The Black Bear is quite different in that it is a down draft cumbustion type very much like a Tarm or EKO, instead it uses a water tube hx instead of fire tube. 
The Fred Seton , Greenwood  are not down draft. and if I am not mistaken do not use forced combustion air.

Really a Big difference 

Steve


----------



## Eric Johnson (Jan 15, 2008)

You're right--I remember that from the diagram on the website before they took it down. And I don't believe the Seton or the Greenwood uses a blower, either.

But the Black Bear doesn't have a nozzle like the EKO, does it? Just one combustion chamber?


----------



## Grover59 (Jan 15, 2008)

Eric Johnson said:
			
		

> You're right--I remember that from the diagram on the website before they took it down. And I don't believe the Seton or the Greenwood uses a blower, either.
> 
> But the Black Bear doesn't have a nozzle like the EKO, does it? Just one combustion chamber?
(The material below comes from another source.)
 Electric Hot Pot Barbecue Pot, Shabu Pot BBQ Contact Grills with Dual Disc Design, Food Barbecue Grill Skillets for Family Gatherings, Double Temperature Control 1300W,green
Yes that is right the Black Bear has 3 bottom bricks of refractory giving 3 slots about 1 inch each and are about 16" wide, the hot gases pass down through the hot coals and out of these slots, and are mixed with the new hot secondary air.  So I guess the Black Bear has like 3 nozzles, they do get plugged at times and this is one of the problems with this design, they are easy to clean out but sometimes you may be running with only one or two going. The guy that designed this boiler has come up with a new design for the bottom bricks I have a set but I have not put them in yet, for those that have they say that they are a good improvement over the old, they plug very little. One thing that the Black Bear boiler has in common with the Seton is the hx, it is a water tube design but in reverse, it starts at the front bottom and goes to the back top where the flue gases are sent to the chimney. The Seton starts at the top front and goes down the back to the bottom where the flue gases go to the chimney.  The Seton boiler the flue pipe attaches to the bottom of the boiler and the Black Bear is on the top. 

Steve


----------



## PARCO (Jan 31, 2008)

Yes Viessmann is around and in use.  I live and work in the Northeast Kingdom OF Vermont.  I have worked in the mechanical and plumbing trades for 28 years, and for my money, their products are the best you can get. I have A Viessmann Vitola oil fired boiler (nonmodulating) in my own house, and droped my fuel compstumption by almost 40%.  As for the modulating units you were talking about, the Vitoden wall mount boiler comes in either LP or Natural Gas options, and is my first choice when installing in a new home with gas.  You can check them out @ www.viessmann-us.com.  Good luck


----------



## ISeeDeadBTUs (Jan 31, 2008)

I also have the Vitola, but what we are talking about here is the Vitolig wood burner. That, I don't believe, you have ever seen in the US.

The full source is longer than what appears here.